## MATERIAL PROVIDED
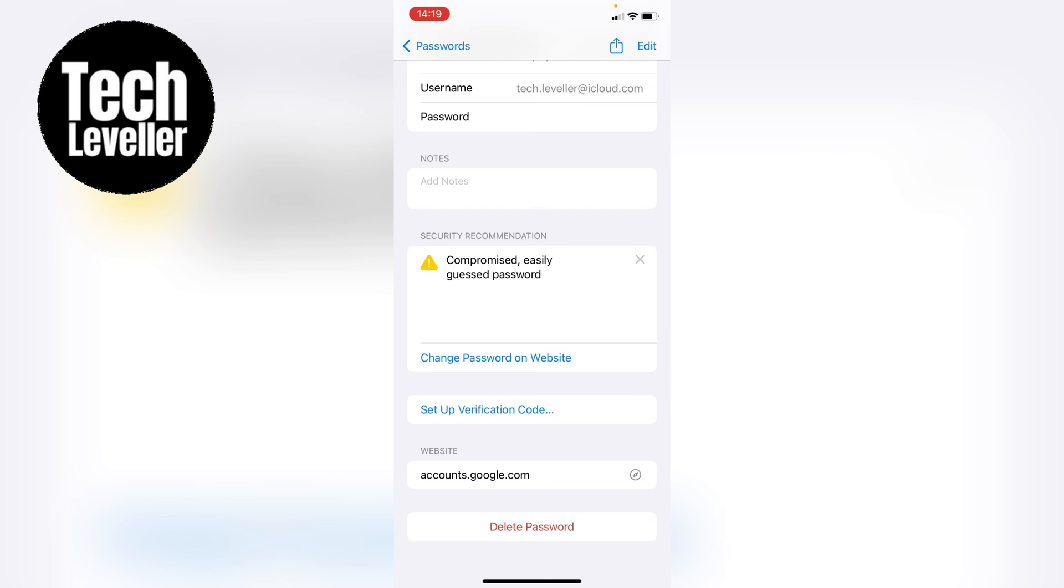So that's how to delete saved passwords on the iPhone or iPad. Hope you found that video helpful, if you did smash the like, smash the subscribe and most of all thanks so much for watching.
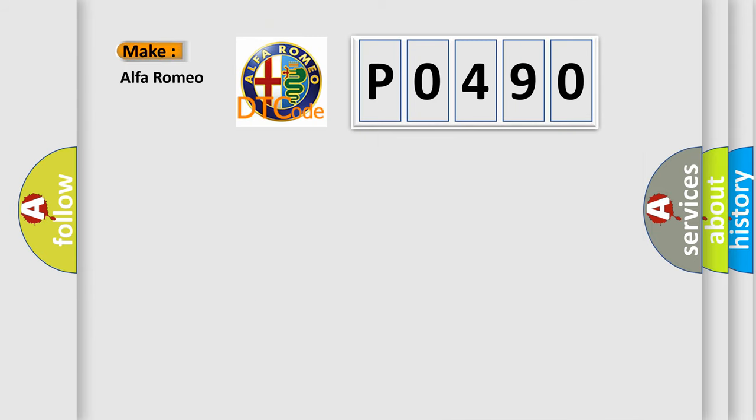So, what does the Diagnostic Trouble Code P0490 interpret specifically for Alfa Romeo car manufacturers?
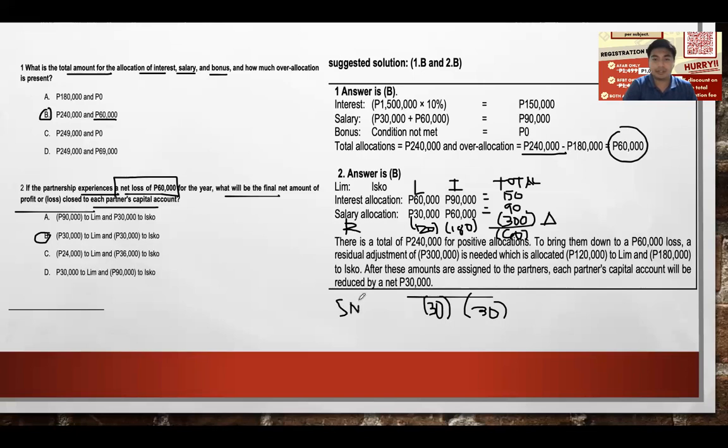This is the share in net loss for both partners, and this concludes our answer for this particular problem.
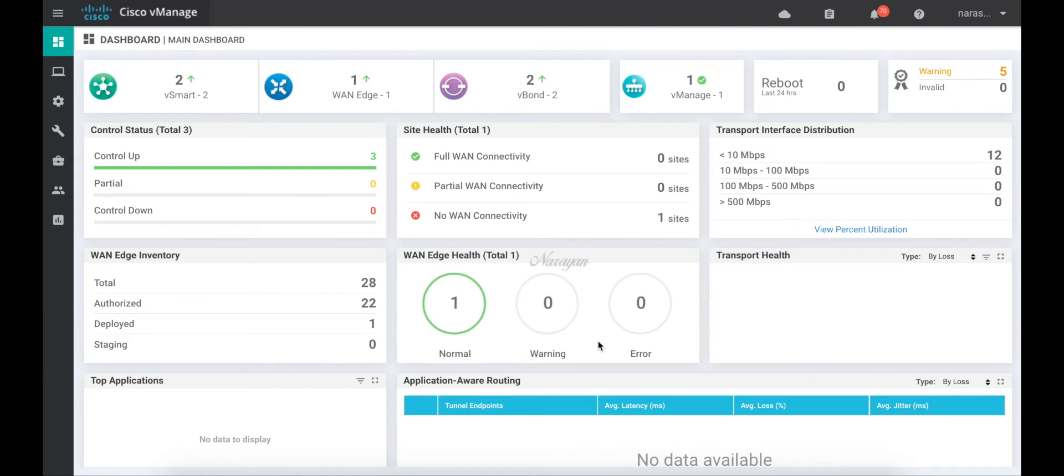Hi! In this video, we will look at migrating the ISR 1100 series hardware running Viptela OS to iOS XE SD-WAN.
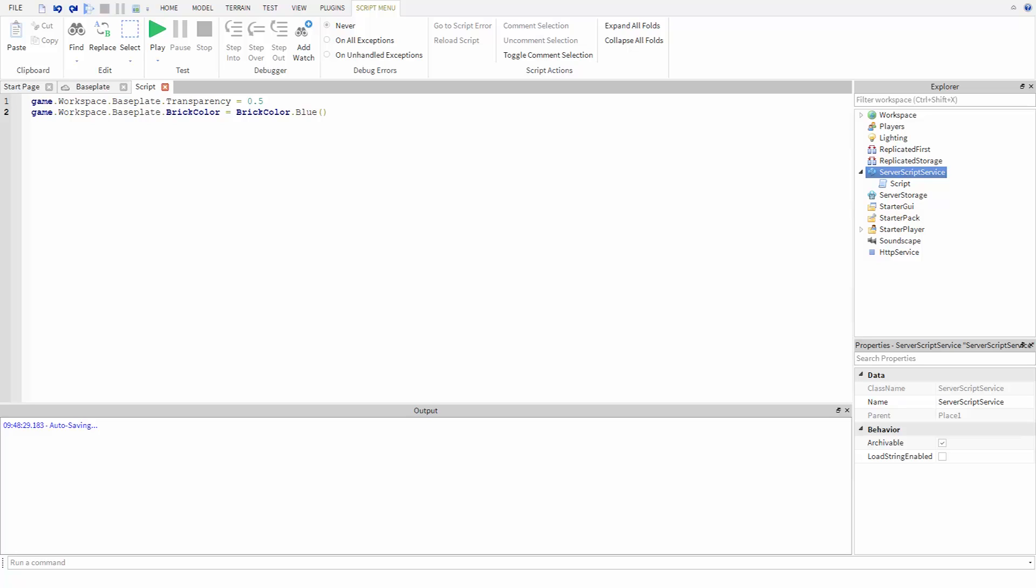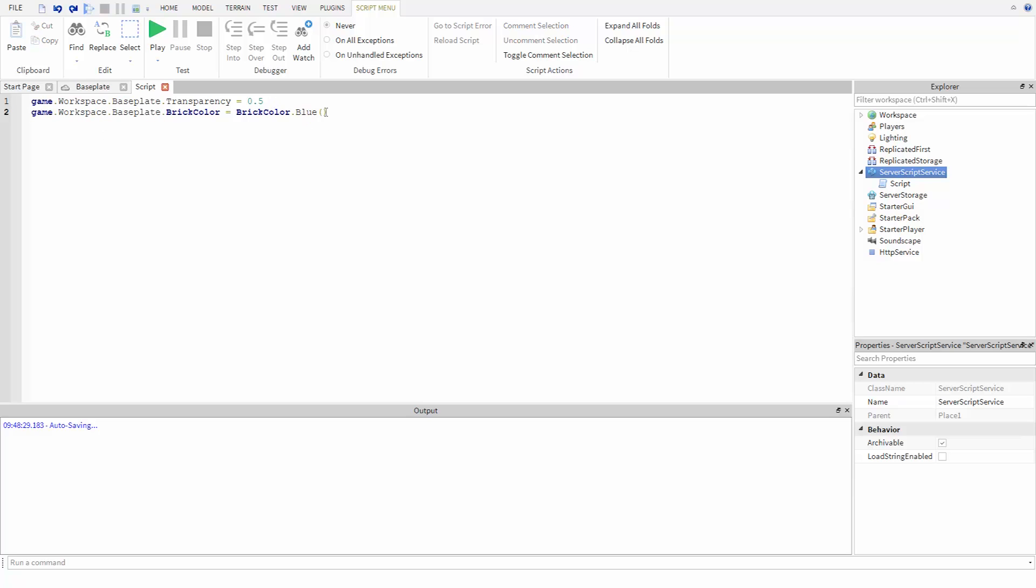In the last video we used the script to change the properties of the baseplate, but did you notice how we had to type out game.workspace.baseplate each time we wanted to change a property? It's not too bad if you're just changing one or two things, but if we want to change a lot of properties, this would get tedious and be really hard to read. Fortunately, we can make our lives easier by using variables.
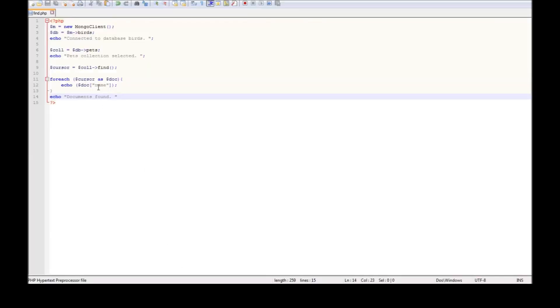So we have connected to database birds, pets collection selected. Now we have the name duck, as we see the name of the document. We had inserted a document with the name duck, so that has been retrieved, and at the end we have 'documents found' as we have written in our script.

## EXERCISE DIRECTIONS
For this exercise, transcribe exactly the part of the records above that opens with the line containing "So, what does" and closes with the one containing "This is the". Pictures are not part of the copy.

## RESULT OF THIS TASK
So, what does the Diagnostic Trouble Code P0490 interpret specifically for Alfa Romeo car manufacturers?
This is the share in net loss for both partners, and this concludes our answer for this particular problem.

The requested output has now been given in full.